Outlandish perhaps, but Mahara’s assertion is not implausible. The pauses, cadences, ambient noise and gratuitous whispers together with the muffled quality of the second recording raise new questions. The purported Chinese accent could very well belong to anyone sharing a linguistic legacy with the Middle Kingdom.
The first few questions could easily have come from a news reporter, a doctoral student, or a purely personal acquaintance intent on finding out what really ails the world’s newest republic.

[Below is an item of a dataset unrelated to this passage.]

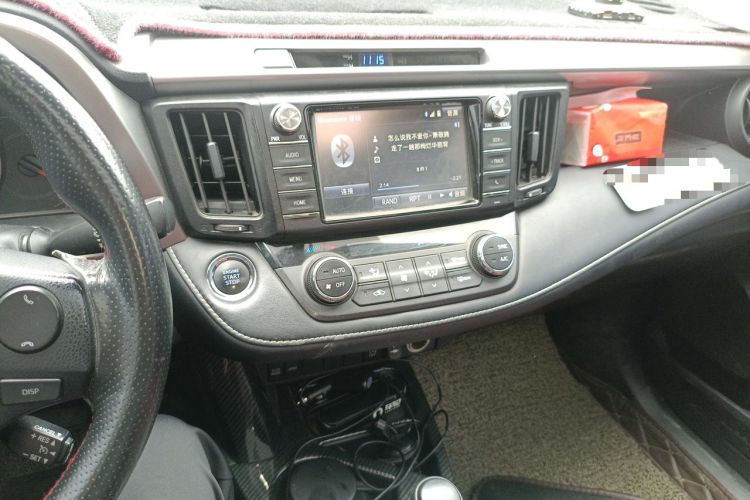 Used Toyota RAV4 2016 2.0L CVT Two-Wheel Drive Fashion Edition China V Standard Audio And AC Panel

The price tag Mahara purportedly quoted could have meant something else, like, say, his estimation of how much the Indians were paying the 50 MPs to stay away from voting for the Maoists. How are we to be sure the “help” the “friend” was offering was the Rs.500 million referred to? Maybe the “friend” had a Sun Tzu-like exhortation for the Maoists that would create uncertainties for rivals through the application of direct and indirect non-financial maneuvers.
Indeed, the haggling over the venue of a meeting between Mahara and the “friend” over the two conversations raises problems. Saying Hong Kong had a large Nepalese community that could spark all manner of speculation, Mahara wants Chengdu. But the interlocutor is reluctant, saying he does not want any impression of government complicity. Singapore is another potential destination for Mahara, but the interlocutor seems to suggest somewhere more accessible without a special permit. In the end, Hong Kong or Singapore emerge as possible venues.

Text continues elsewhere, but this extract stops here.